2 killed in rocket attack in northwest Pakistan

PESHAWAR, Pakistan — A barrage of rockets hit a residential area of Pakistan’s northwestern Peshawar city in a brazen pre-dawn attack Tuesday, killing two civilians and wounding 10 others, police said.

No one claimed immediate responsibility for the rocket assault, but the city is close to the lawless tribal areas where Taliban militants are based.

At least 12 rockets landed in the city, capital of North West Frontier Province, and one damaged the office of the paramilitary forces, police official Nisar Khan said.

Residents ran from their homes in panic when the first rocket landed in Peshawar shortly after 1 a.m. Tuesday. Subsequently, 11 others were also fired from different directions and one struck a home, Khan said.

Rocket attacks are extremely rare in Pakistan’s cities, although Taliban militants often target security outposts in the countryside with heavy weapons.

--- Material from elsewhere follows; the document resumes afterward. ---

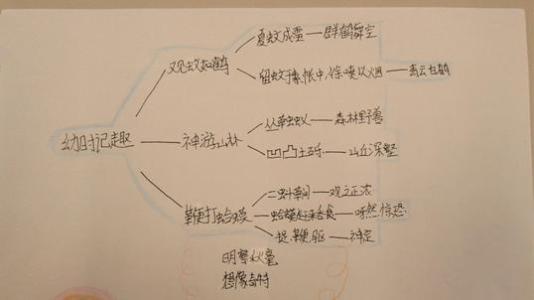 七年级时我学会了听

“It is an act of terrorism, but we don’t know who the attackers were,” Khan told The Associated Press, adding the paramilitary Frontier Corps building was damaged but no one was injured. He said all the dead and wounded were civilians.

The Pakistani Taliban has vowed retaliation against the government for what it claims are false reports of the death of its leader, Baitullah Mehsud, in a CIA missile attack last week. Pakistani and U.S. officials have said Mehsud is almost certainly dead, and there may be a power struggle for the militant leadership.